Dyson, the author of sixteen books on subjects such as Martin Luther King Jr., Bill Cosby, and soon Obama, is a Georgetown sociology professor and outspoken and highly influential African American. Hearing his perspective opened my eyes.

According to Dyson, black Americans have a distinct history with severe corporal punishment dating back to slavery. “Black parents beat their children to keep them from misbehaving in the eyes of whites who had the power to send black youth to their deaths for the slightest offense”, Dyson says. “Today, many black parents fear that a loose tongue or flash of temper could get their child killed by a trigger-happy cop. They would rather beat their offspring than bury them.” These fears are not unfounded.

Before we dole out judgment and blame, we must acknowledge where the abusive behavior is rooted. Punishing the immoral behavior does not end the cycle. I for one think Peterson, Rice and all the rest should never be allowed to be in the public eye again where they are models for our young boys. But I would like to see Peterson stand up as a model for ending his cycle of abuse, which he can only do with help.

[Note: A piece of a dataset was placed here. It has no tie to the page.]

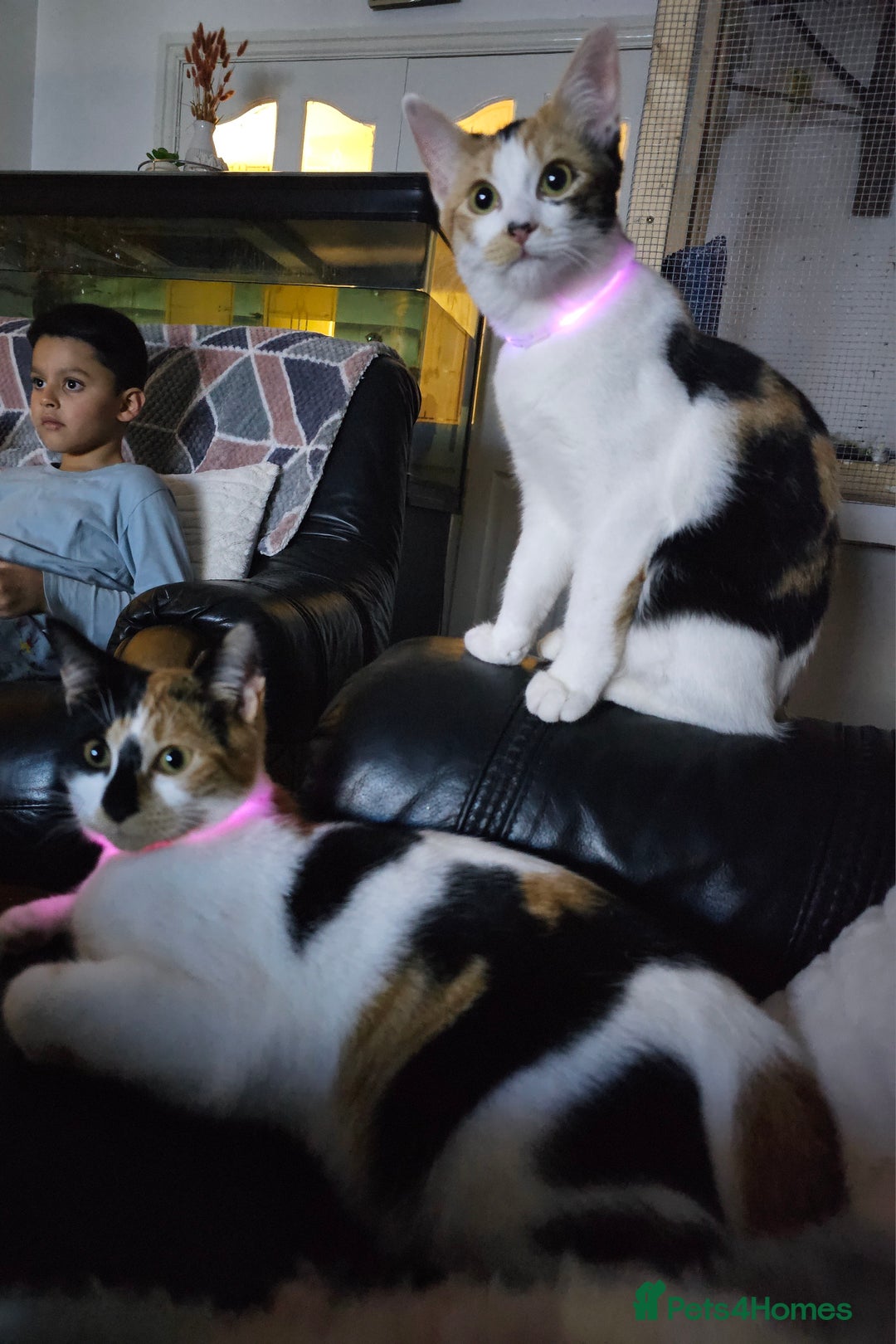 Mixed Breed cats for sale: Beautiful calico cats  - Image 1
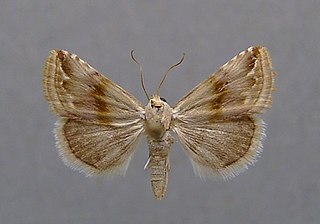 <i>Eublemma ostrina</i> species of insect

Dyson sites the origin of the word punishment “…from the Greek word “poine” and its Latin derivative “poena,” which mean revenge.” It is human nature to retaliate and seek revenge when we are hurt or attacked. But it is the adult’s responsibility to understand child behavior so as not to feel attacked by normally impulsive, immature, egocentric behavior. It is not only the black community (an astonishing 70% of Americans believe in corporal punishment) that misunderstands how to eliminate inappropriate behavior and teach children to control their impulses.

I could not agree with Dyson more than when he says, “The purpose of punishment is to coerce compliance and secure control, and failing that, to inflict pain as a form of revenge….” When will we grow as a society and understand the roots of our pain so we can heal and stop passing on the behaviors we were brought up with that planted that pain; the behaviors that instill fear; the behaviors that beget the same behaviors?

Does Adrian Peterson consciously believe that his switch will prevent his son being killed by a cop’s gun, or is he unconsciously passing on the beatings his mother gave him (her admission) as the result of her fear of what would happen without her beatings? As I begin to understand the roots of these beatings in slavery, compassion replaces judgment. It is only through compassion that we as a culture can see the need for help and provide it.
The argument that “I turned out okay” does not hold water. When we automatically and thoughtlessly re-enact treatment used on us out of fear, we are not okay. Nor is the next generation that suffers that abuse. Adrian Peterson and other celebrities recently in the spotlight may serve as our “whipping boys”. They may be punished severely rather than benched for a couple of games. But is this enough?

Compassion for the history of the black family with its fears for a child’s life at the hands of the white man is poignant, terribly sad, shameful, and important for our understanding, yet it still does not condone violent treatment. Education is imperative. I would much rather see Peterson required to take parenting classes and become a spokesperson for breaking the cycle. What good will suspending him from football do his son?

The question to all of us is, what fears at our backs are informing our parenting? Are we parenting effectively for each individual child or are we merely keeping the wolf from the door?